In other financing news:

• AVEO Pharmaceuticals Inc., of Cambridge, Mass., received $15 million of debt financing from Palo Alto, Calif.-based Hercules Technology Growth Capital. AVEO is developing targeted therapies for cancer, and is focused on discovering genes essential for tumor maintenance using its MaSS Screen technology.

• Cadence Pharmaceuticals Inc., of San Diego, completed its previously announced $53.8 million equity financing to support its newly acquired rights to an intravenous formulation of acetaminophen (IV APAP) from New York-based Bristol-Myers Squibb Co. Funding will be used to cover an up-front payment to BMS, and for further development of the Phase III-stage product. (See BioWorld Today, Feb. 23, 2006.)

• Cerus Corp., of Concord, Calif., closed a follow-on equity offering of 5.2 million shares, including the overallotment option, priced at $8.75 each to bring in net proceeds of $42.6 million. Funds will be used to support research and development. Cerus focuses on developing and commercializing products in the areas of immunotherapy and blood safety, and is preparing to start Phase I testing with its CRS-100, a Listeria-based immunotherapeutic aimed at treating cancer that has metastasized to the liver. Shares of Cerus (NASDAQ:CERS) closed at $8.51 Thursday, down 24 cents.

• Debiopharm SA, of Lausanne, Switzerland, said its wholly owned investment affiliate, Debioinnovation, invested capital into Chiba, Japan-based NanoCarrier Co. Ltd.’s mezzanine funding round of 400 million yen (US$3.4 million). That is the third equity investment made by Debioinnovation to complement the in-licensing objectives of Debiopharm, which in April 2005 agreed to license ND-01, a DACH-platin based on NanoCarrier’s micellar nanoparticle drug delivery systems technology, MediCelle. ND-01 has shown antitumor activity in animal models.

• Esprit Pharma Inc., of East Brunswick, N.J., secured a $50 million credit facility from Drawbridge Special Opportunities Fund, a fund managed by New York-based Fortress Investment Group. The facility will be used for general corporate purposes, including working capital needs, and to facilitate future acquisitions as part of the company’s growth strategy. Esprit focuses on acquiring, developing and marketing products for the genito-urinary and women’s health markets.

• Kosan Biosciences Inc., of Hayward, Calif., priced an offering of 5 million shares at $5 each to raise gross proceeds of $25 million. The company also is offering underwriters an option to purchase up to an additional 750,000 shares to cover overallotments. The offering is expected to close April 4. Credit Suisse Securities LLC is acting as sole bookrunner, and Cowen & Co. LLC is acting as co-lead manager. Shares of Kosan (NASDAQ:KOSN) lost 54 cents Thursday to close at $5.34.

• Seattle Genetics Inc., of Bothell, Wash., received net proceeds of $37.2 million from its offering of 7.3 million shares. Money will be used to fund clinical and preclinical development of its existing product candidates, as well as manufacturing of clinical-grade materials, and for other research and development initiatives. New York firms Banc of America Securities LLC and CIBC World Markets Corp. are acting as joint book-running managers for the offering, expected to close on or about April 3. In addition, the company also agreed to sell 1.1 million shares to investment funds affiliated with Baker Brothers Investments at a price of $5.25 each. Shares of Seattle Genetics (NASDAQ:SGEN) closed at $5.15 Thursday, down 3 cents.
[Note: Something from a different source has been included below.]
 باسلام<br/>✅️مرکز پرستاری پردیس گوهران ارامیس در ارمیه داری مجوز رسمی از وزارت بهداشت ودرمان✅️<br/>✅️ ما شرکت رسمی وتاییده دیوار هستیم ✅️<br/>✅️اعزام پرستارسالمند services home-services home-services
• Viral Genetics Inc., of Azusa, Calif., sold 10 percent senior secured convertible debentures in the aggregate principal amount of $2.9 million, together with warrants to purchase 6.4 million shares of common stock over a period of five years at a price of 78 cents each, unit warrants to buy up to $2.1 million of additional debentures and additional warrants to purchase 4.7 million shares. Viral Genetics received the first $2.5 million of gross proceeds, and the remainder is expected within the week. Proceeds will be used to fund ongoing drug development and testing, as well as for working capital. Shares of Viral Genetics (OTC BB:VRAL) closed at 67 cents Thursday, down 3 cents.